Burnt spread, Croom, Co. Limerick

Co. Limerick |

Ritual/Ceremonial

Burnt spread, Croom, Co. Limerick

In a pasture field outside Croom, the ground holds a secret that only showed itself when a plough cut through it: a dark stain of blackened soil, heat-shattered stones, and charcoal-flecked earth, roughly circular in shape and suggestive of intense, repeated burning at some point in the distant past.

It does not appear on any Ordnance Survey historic maps, which means it left no impression on the cartographers who carefully recorded the landscape around it across several centuries. The only reason it is known at all is because a farmer broke the surface.

The site was identified by Damian Finn, who noted the black area of soil turned up during ploughing and passed on what he had found.

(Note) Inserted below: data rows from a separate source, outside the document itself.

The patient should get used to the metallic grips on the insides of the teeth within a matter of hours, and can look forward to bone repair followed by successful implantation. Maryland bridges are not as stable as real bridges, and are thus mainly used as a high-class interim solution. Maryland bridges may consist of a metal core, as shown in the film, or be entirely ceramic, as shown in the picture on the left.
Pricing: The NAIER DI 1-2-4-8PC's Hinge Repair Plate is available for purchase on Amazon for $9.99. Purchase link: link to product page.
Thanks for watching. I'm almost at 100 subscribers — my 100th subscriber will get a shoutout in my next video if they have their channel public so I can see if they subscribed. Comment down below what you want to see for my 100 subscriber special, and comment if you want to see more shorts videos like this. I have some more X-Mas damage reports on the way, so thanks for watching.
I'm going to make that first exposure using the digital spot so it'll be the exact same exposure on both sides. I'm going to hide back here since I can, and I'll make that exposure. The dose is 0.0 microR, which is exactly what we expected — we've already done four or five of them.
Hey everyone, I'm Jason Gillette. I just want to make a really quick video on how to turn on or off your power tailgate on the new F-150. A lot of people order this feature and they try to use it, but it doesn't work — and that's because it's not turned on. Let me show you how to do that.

On inspection, the ground revealed the characteristic signature of a burnt spread, a category of archaeological feature typically associated with fulachta fiadh, the enigmatic burnt mounds found widely across Ireland. These are generally interpreted as ancient cooking or industrial sites, often dated to the Bronze Age, where water was heated by dropping fire-cracked stones into a trough or pit. The stones, once heat-shattered, were discarded in a mound nearby, and over centuries the accumulated charcoal and cracked rock creates exactly the kind of dark, distinctive soil profile described here. The site sits roughly 155 metres south-west of the River Maigue, which also marks the townland boundary with Skagh, and an enclosure of separate record lies approximately 110 metres to the south. The record was compiled by Alison McQueen and Vera Rahilly and uploaded in October 2020.

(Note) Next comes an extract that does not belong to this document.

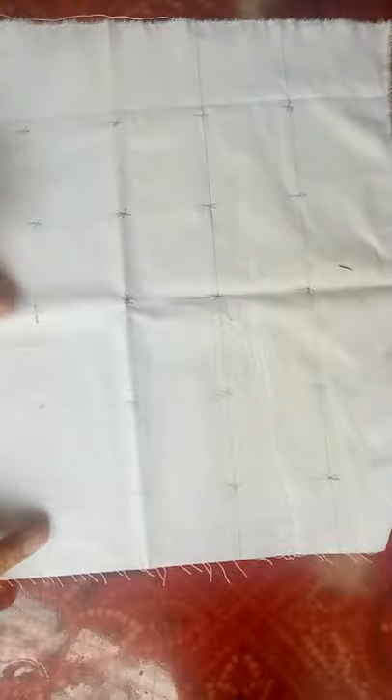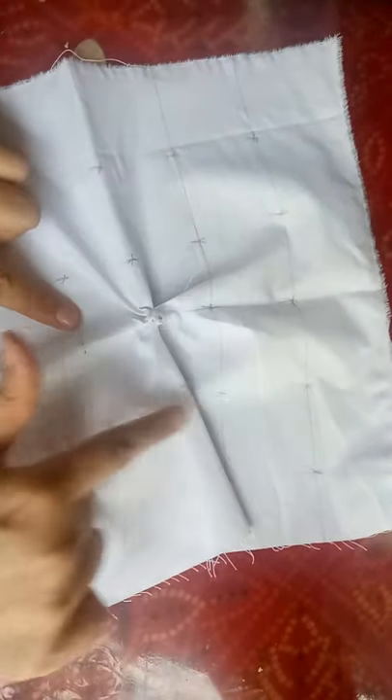After marking on the cloth, take the chana and tie the cloth. Tie it properly like this — very tightly — so that the color will not go into that portion. Like this you can tie the cloth. So wherever the markings are, we will tie all the chanas.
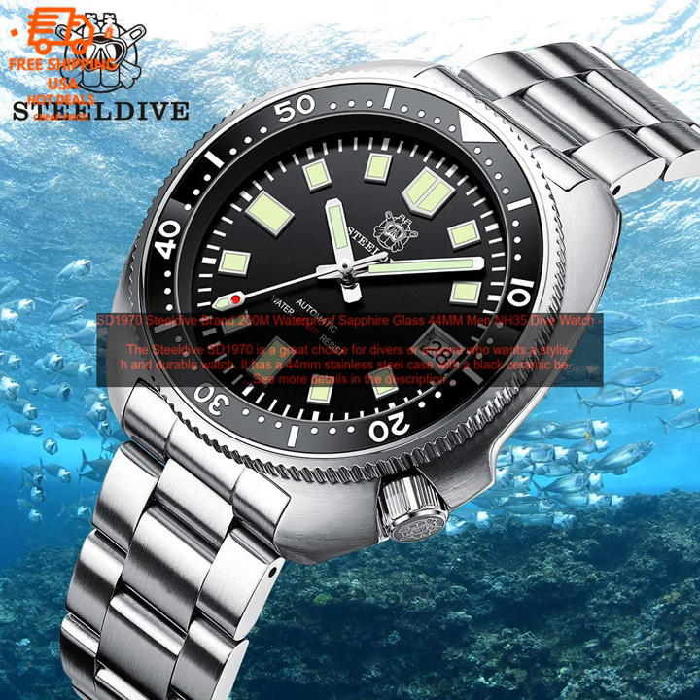The Steeldive SD1970 is a great choice for divers or anyone who wants a stylish and durable watch. It has a 44mm stainless steel case with a black ceramic bezel, a sapphire crystal, and an NH35 automatic movement. The watch is water-resistant to 200 meters and comes with a comfortable silicone strap.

What makes this particular find quietly interesting is its inconsistent visibility from the air. A dark, roughly circular cropmark is clearly discernible on the Ordnance Survey Ireland aerial orthoimage captured between 2005 and 2012, but the same feature is absent from a Digital Globe image taken between 2011 and 2013 and from a Google Earth image dated 28 June 2018. Cropmarks of this kind appear when buried features affect how vegetation grows above them, and their visibility depends heavily on soil moisture, the time of year, and the crop or pasture in question. There is nothing to see above ground here, and the field shows no surface trace. Its interest lies entirely in what aerial photography and a plough blade briefly made legible, and in what almost certainly remains undated and unexcavated beneath the grass.